Eigentlich war Mel Gibson ja mal richtig cool. Eigentlich mochte ich ihn total gerne. Immerhin war er „Mad Max“ und der war drei Filme lang eine ziemliche coole Sau. Und dann waren da ja auch noch die „Lethal Weapon“-Filme, die auch wirklich hervorragendes Action-Kino waren. Da war Mel Gibson auch richtig cool – war ja schon fast eine Action-Ikone neben Bruce Willis und Co. Als er dann anfing, selber Filme zu machen, war ich anfangs eher skeptisch. Doch zu „Braveheart“ (auch wenn das jetzt nicht sein erster Film war) muss man eigentlich nicht viel sagen: die Auszeichnungen sprechen für sich (ich fand sie verdient).
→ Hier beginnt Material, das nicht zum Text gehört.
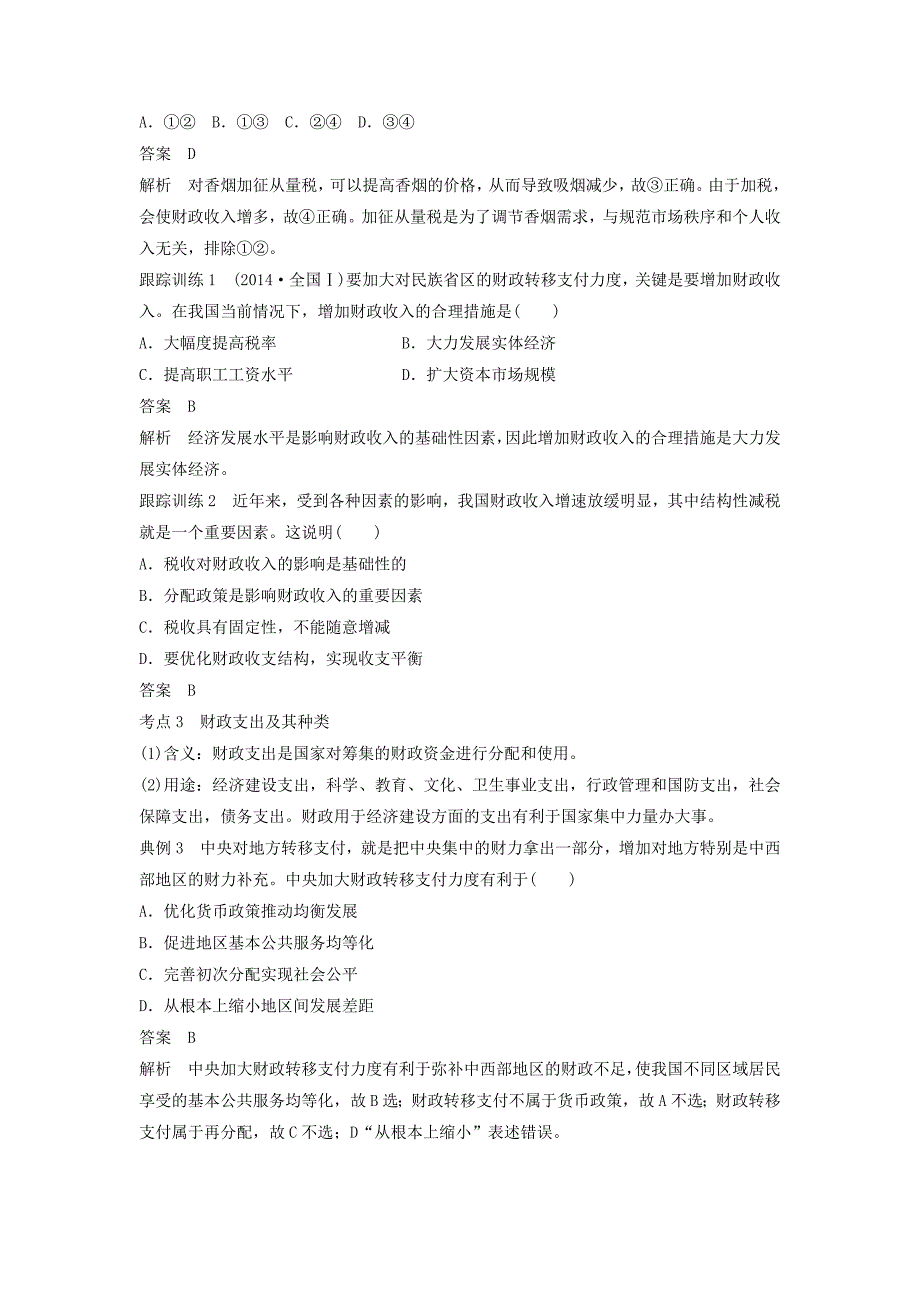 江苏专版2019届高考政治一轮复习第三单元收入与分配第8课财政与税收讲义新人教版_第3页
Doch dann, auweia… dann muss dem guten Mel das Ganze irgendwie zum Kopf gestiegen sein. Es kam „Die Passion Christi“ – ein Film, den ich absolut abscheulich fand. Und mit mir zahlreiche andere Menschen (was trotzdem niemanden davon abgehalten hat, diesen Film zu gucken – nur mal so nebenbei bemerkt). Damals habe ich mich gefragt, wie tief man nach so einem Jesus-Folterfilm noch sinken kann. Sehr tief sogar… zumindest privat: Mel wurde zum Säufer, Schläger und Rassisten. Verabscheuungswürdig, und dabei war er mal so cool. Doch bevor Mel Gibson in seinem tiefen Teufelsloch verschwand, schuf er einen weiteren Film. Einen Film, den ich mir eigentlich erst gar nicht anschauen wollte, mich dann aber irgendwann doch im Kino wiederfand… und zu meinem Erstaunen feststellen musste, dass mir der Film eigentlich ganz gut gefiel.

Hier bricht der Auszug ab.